15,000/-. Thus as per this condition, the Insurance Co. (O.P. No. 3) is liable to pay the award to the extent of Rs. 15,000/- and rest amount will be realized from the owner of the vehicle, the O.P. No. 1. Thus issue No. 6 is decided accordingly. 6. We have also perused the copy of the Insurance Policy which is on the record. From the schedule of premium as mentioned in the policy, it is clear that a sum of Rs. 624/- was paid covering the risk of 52 persons at the rate of Rs. 12/- per passenger. It is also clear that the insurer covered the risk of the passengers as per the requirement of the Motor Vehicles Act, 1939. Admittedly, accident took place when the Motor Vehicles Act, 1939 was in force.

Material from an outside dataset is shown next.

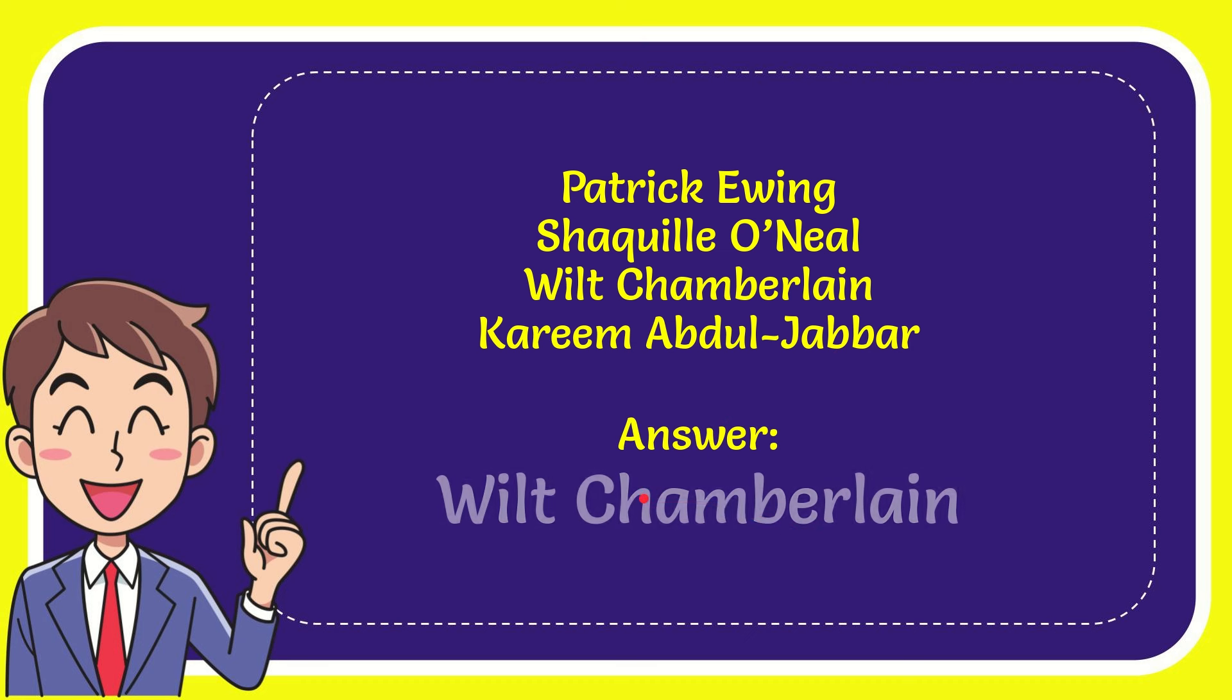The correct answer to the question is Wilt Chamberlain. Yes, Wilt Chamberlain is the correct answer.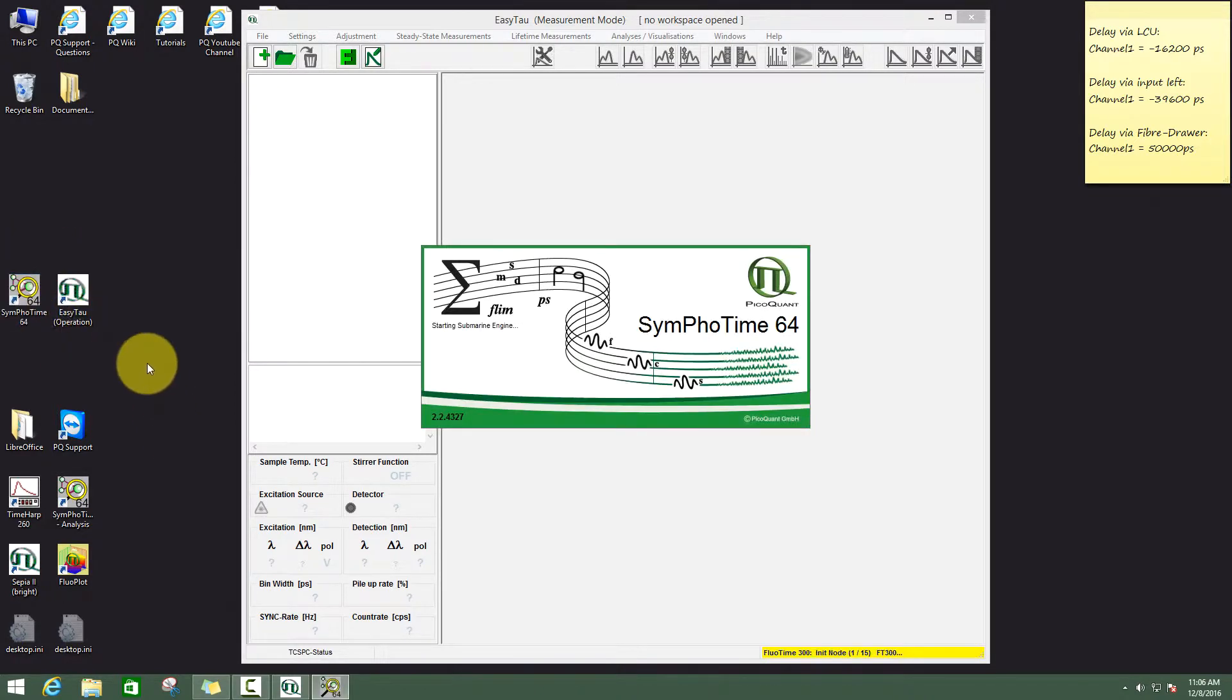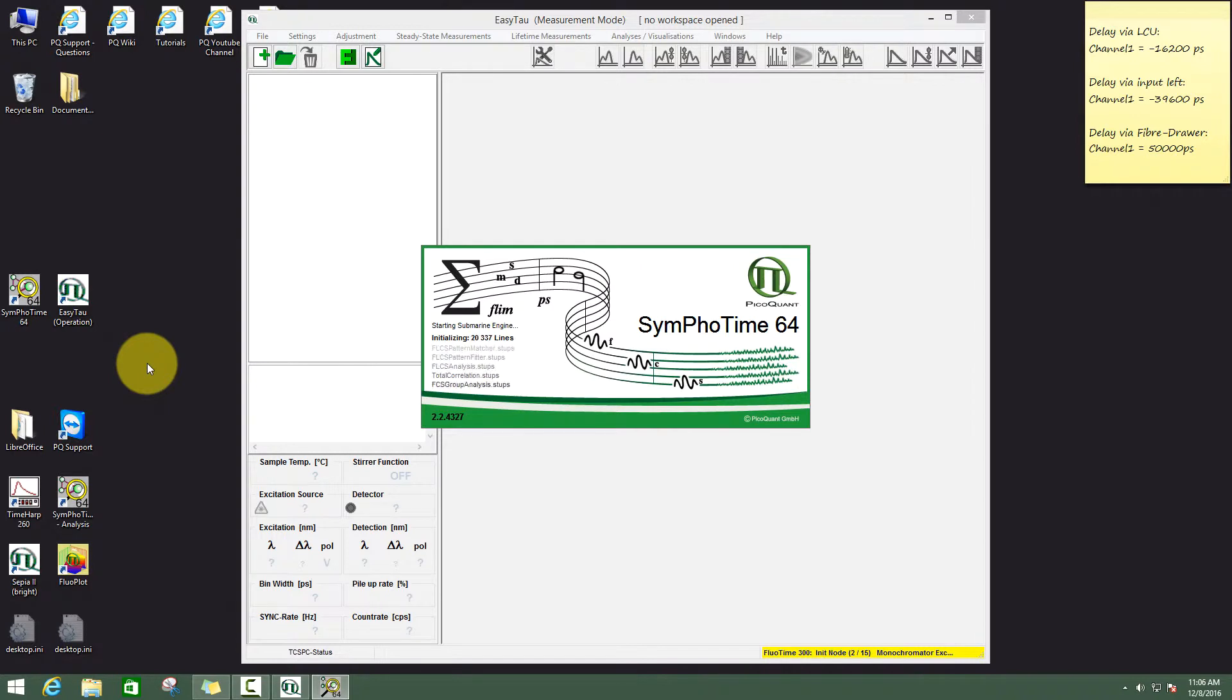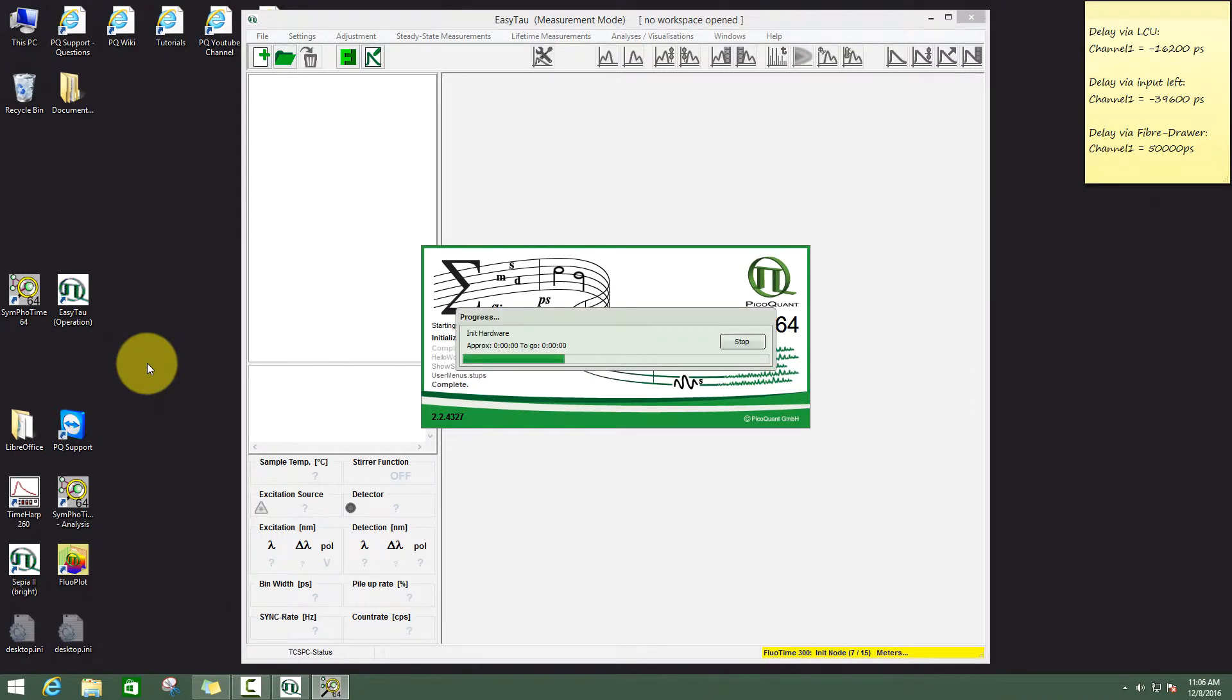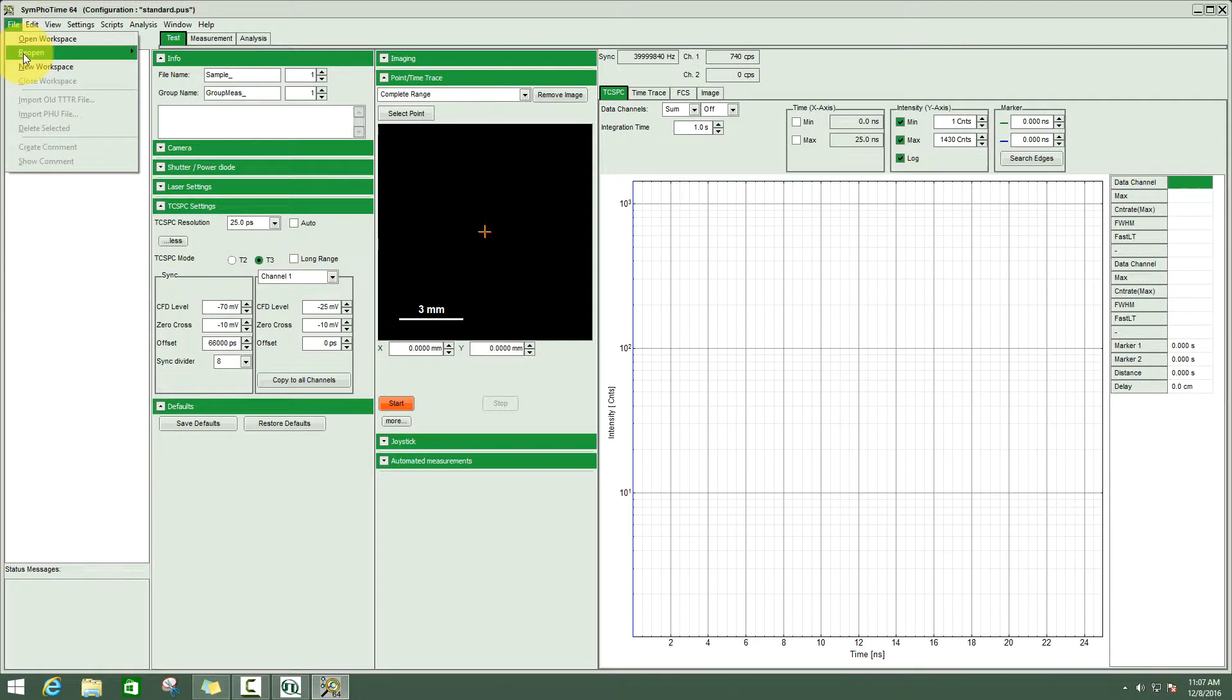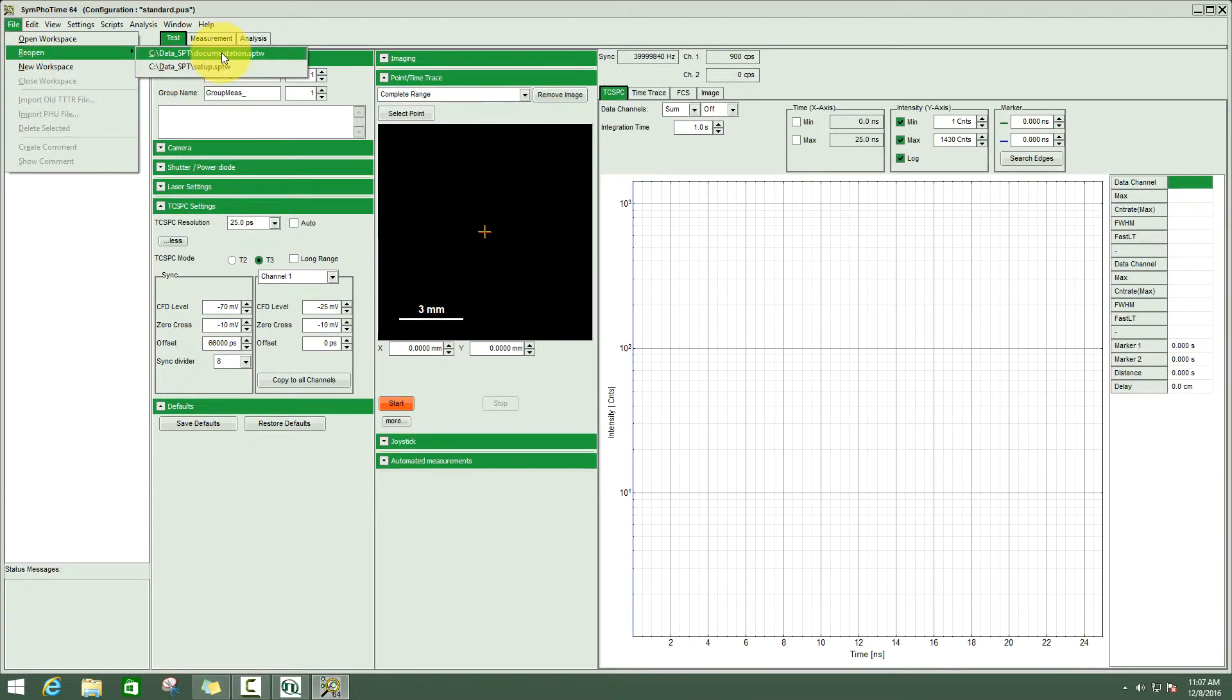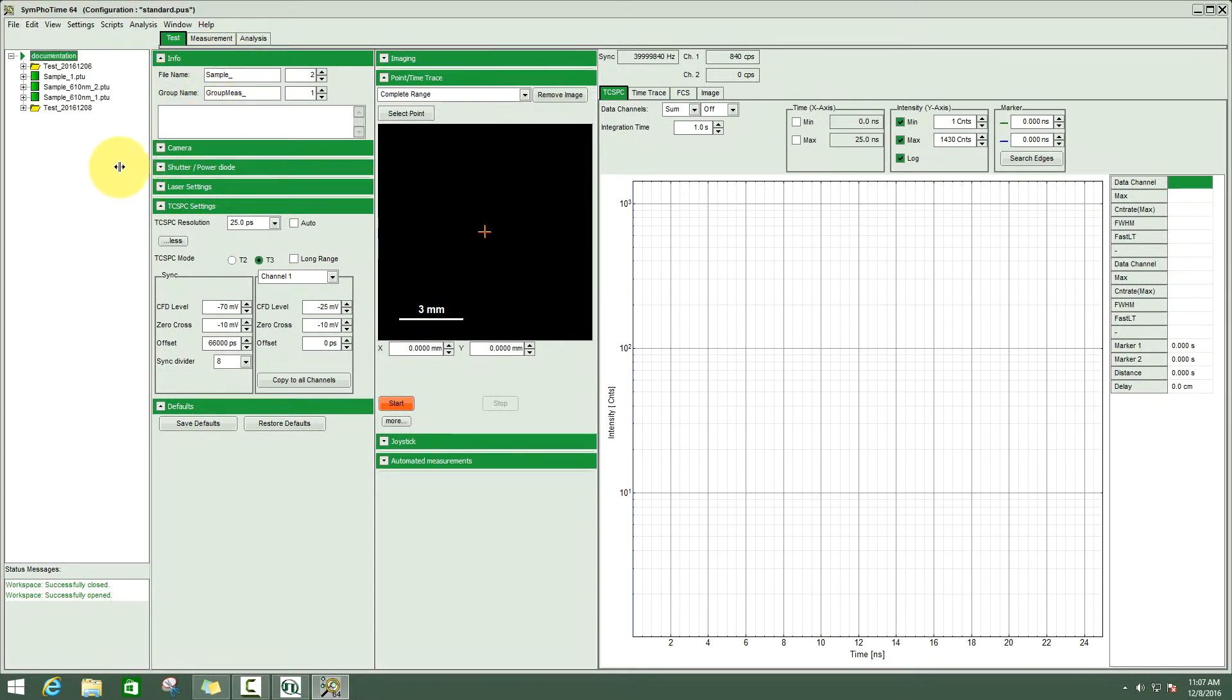When we start the SymfoTime software, it is important that all the hardware is actually switched on, especially the scanner. The hardware is initialized for the FluTime as well as for the SymfoTime. Then we have to create first a workspace or to open one so the software knows where to store the data.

Under Section 95 of the said Act, passengers liability was restricted to Rs. 15,000/-. There is nothing on the record to show that additional premium was paid by the owner of the vehicle for covering unlimited liability of the passengers. It is well-settled that merely because a vehicle is comprehensively insured, the liability of the Insurance Company cannot become unlimited unless unlimited coverage is taken on payment of additional premium. As noticed above, under the policy the respondent-Insurance Company undertook to cover limited liability in respect of death or injury of the passengers. In that view of the matter, we do not find any error in the impugned judgment and award passed by the Tribunal. 7. For the reasons aforesaid, there is no merit in this appeal which is accordingly dismissed.